Hello, Loyal Readers! Life is going well, and I’m adjusting to my new life as a half-time writer. In the meantime, I’ve been reading again!
Above Us Only Sky by Michele Young-Stone seems to be the life story of a young girl born with a pair of wings. As an adult she meets one of her older relatives and learns that she’s part of a family of winged females she never knew. Beneath surface level, it seems to be one of those ‘women coming into their identities’ books.
Why I Picked It Up:
I saw it on the new release shelf at my local bookstore. What initially drew me in was the John Lennon lyric in the title. But the idea of a main character having had her wings removed sounded like a great source of inner conflict.
What I Like About It:
As I said, I like the premise. In reading, I enjoy the way that real history intermingles as part of the narrative. We start the book with the main character recalling the story of her birth, the removal of her wings, and the separation of her parents. We then get a glimpse of her winged great, great grandmother’s life as a pre-teen Lithuanian refugee. I like the way that the author sets the mood in these parts. The writing is quite nice, sentence structure is palatable, and so forth.
What Could Be Better, If Anything:
I’m maybe halfway through chapter two right now, and, to put it simply and bluntly, I don’t feel engaged. A good rule of thumb in modern literature is to have two big questions answered by the end of your first chapter (and indeed, the first five pages):
#1 Why are we here? What is the main character’s goal? Their major desire, and the thing preventing them from getting it. This sets up the all-important CONFLICT.

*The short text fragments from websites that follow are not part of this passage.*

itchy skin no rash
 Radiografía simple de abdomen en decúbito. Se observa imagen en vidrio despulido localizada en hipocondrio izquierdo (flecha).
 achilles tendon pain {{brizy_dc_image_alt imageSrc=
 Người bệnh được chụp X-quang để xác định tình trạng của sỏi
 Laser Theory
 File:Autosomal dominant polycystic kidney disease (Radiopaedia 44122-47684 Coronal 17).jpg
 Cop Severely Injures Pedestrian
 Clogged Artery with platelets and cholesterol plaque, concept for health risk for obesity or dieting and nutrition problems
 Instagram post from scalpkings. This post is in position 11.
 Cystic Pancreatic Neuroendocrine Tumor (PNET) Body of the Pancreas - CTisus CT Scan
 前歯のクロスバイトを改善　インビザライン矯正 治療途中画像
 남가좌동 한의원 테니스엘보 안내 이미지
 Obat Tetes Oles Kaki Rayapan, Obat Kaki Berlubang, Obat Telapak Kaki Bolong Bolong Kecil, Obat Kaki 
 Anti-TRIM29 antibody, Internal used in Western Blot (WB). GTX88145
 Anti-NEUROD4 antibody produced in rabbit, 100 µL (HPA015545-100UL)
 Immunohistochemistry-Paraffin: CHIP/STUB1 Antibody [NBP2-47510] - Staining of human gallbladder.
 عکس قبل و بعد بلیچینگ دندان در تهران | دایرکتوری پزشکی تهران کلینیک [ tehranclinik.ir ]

#2 Why should you, the reader, care? What’s in it for you to keep reading? Why can’t you just let these characters pursue these goals without your help? This is trickier as we have to forge a bond between our characters and our readers, then create circumstances in which the readers can’t stop thinking about the characters, even while they’re not reading.
It seems that AUOS commits a bit of a writing sin in assuming we’re identifying and caring about their characters because of their circumstances.
If I had to guess what the major conflict will be in this book, I’d say that it’s the main character’s Grandpa is gonna die soon and she’s not ready for that as he’s her main link to her family. But we learn that Grandpa’s dying before we even really get to see who he is as a character. This basically turns him into a prop-clock–Will our daring heroine forger her own bonds with her lineage and come to terms with mortality before The Old Man kicks the bucket?
But as ever, you shouldn’t just take my word for it. Check out Above Us Only Sky for yourself, and come back here and talk about it! Like it/don’t like it? Does it get super good at chapter three?